Git Product home page Git Product logo

reddit-analysis's Introduction

Reddit Analysis Project

The goal of this project is to perform data science and sentiment analysis on various subreddits to determine patterns in how to reach the top post. Below is a sample report.

Click here to see the notebook on training the classifier

Analysis of Top 1000 Submissions in r/Toronto

In this notebook, we will perform sentiment analysis, and some general analysis on the top 1k submissions in r/Toronto using the naive-bayes classification model we built previously, and some other tools. We will be using Seaborn to create plots.

Setup

The dependancies are listed out in requirements.txt. They can be quickly installed with Pip by running the following command

python -m pip -r requirements.txt

import pandas as pd
import pickle
import numpy
import matplotlib.pyplot as plt
import seaborn as sns
from collections import Counter

from nltk.tokenize import sent_tokenize, word_tokenize
from train import cleanup_sentence, sentence_to_dict

sns.set_theme()

TITLE = 'r/Toronto'

Loading our pretrained model

_classifier = open('bin/classifier.o', 'rb')
classifier = pickle.load(_classifier)

Loading Dataset

df = pd.read_csv('data/toronto_dump.csv')
df['author'].convert_dtypes()
df['author'].fillna(value='Unknown', inplace=True)

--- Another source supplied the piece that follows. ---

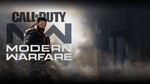 CALL OF DUTY MODERN WARFARE (XBOX ONE + SERIES XS) ⭐ - изображение № 2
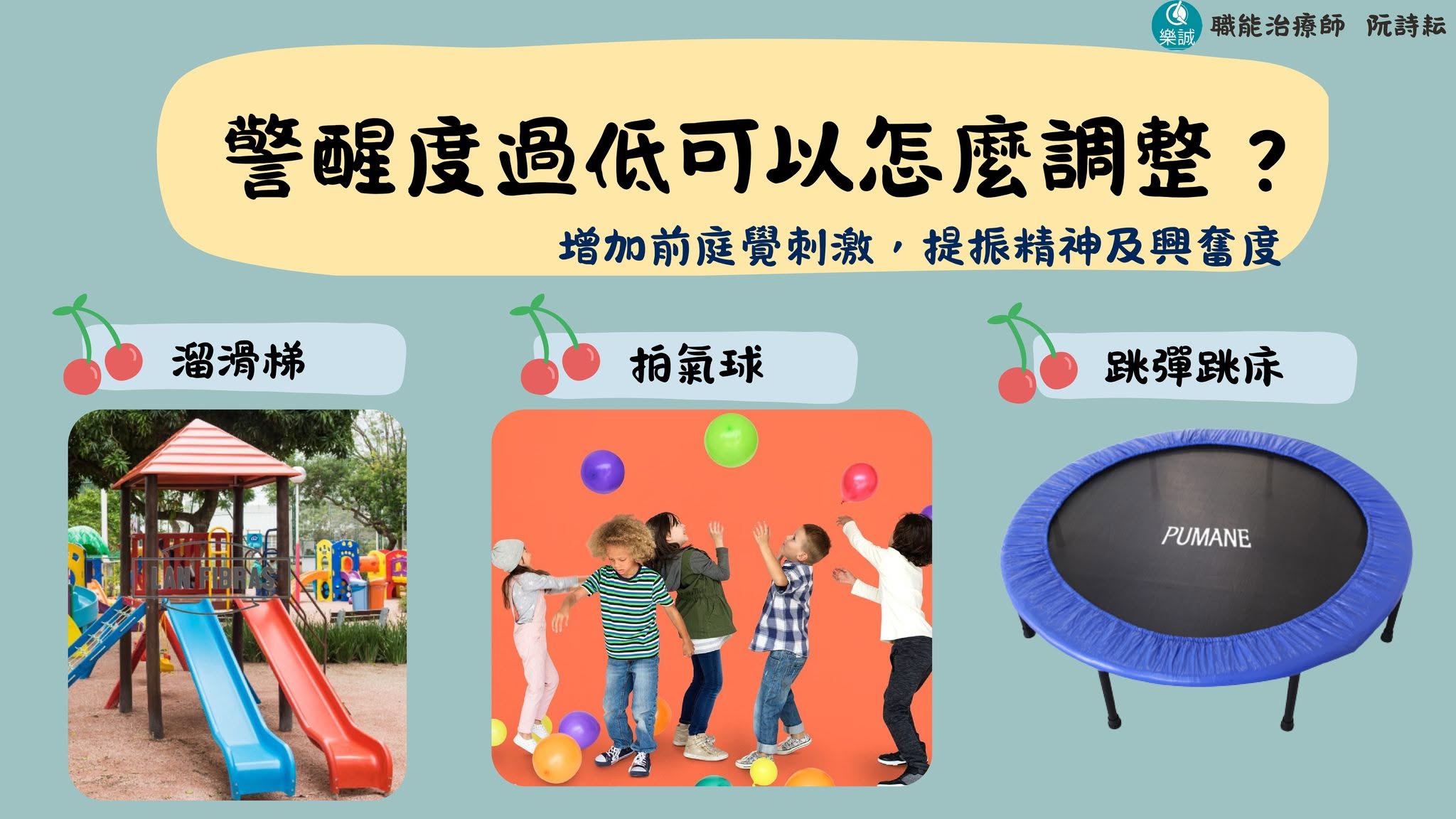 孩子不是故意不專心:先看警醒程度衛教圖卡 5 / 5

df['created_utc'] = pd.to_datetime(df['created_utc'], unit='s')

Flairs that made it to top

flairs = df.loc[:]['link_flair_text']

flairs = pd.DataFrame.from_dict(Counter(flairs), orient='index')
flairs = flairs.sort_values(by=0, ascending=False)

ax = sns.countplot(y='link_flair_text', data=df, order=df['link_flair_text'].value_counts().index)
ax = ax.set(title='Flairs in r/Toronto')

png

Pitures, Videos, and news are amongst the top flairs in r/Toronto. There are some flairs which are unavaiable for general usage such as 'Stats Misleading', or 'Fine B O I'.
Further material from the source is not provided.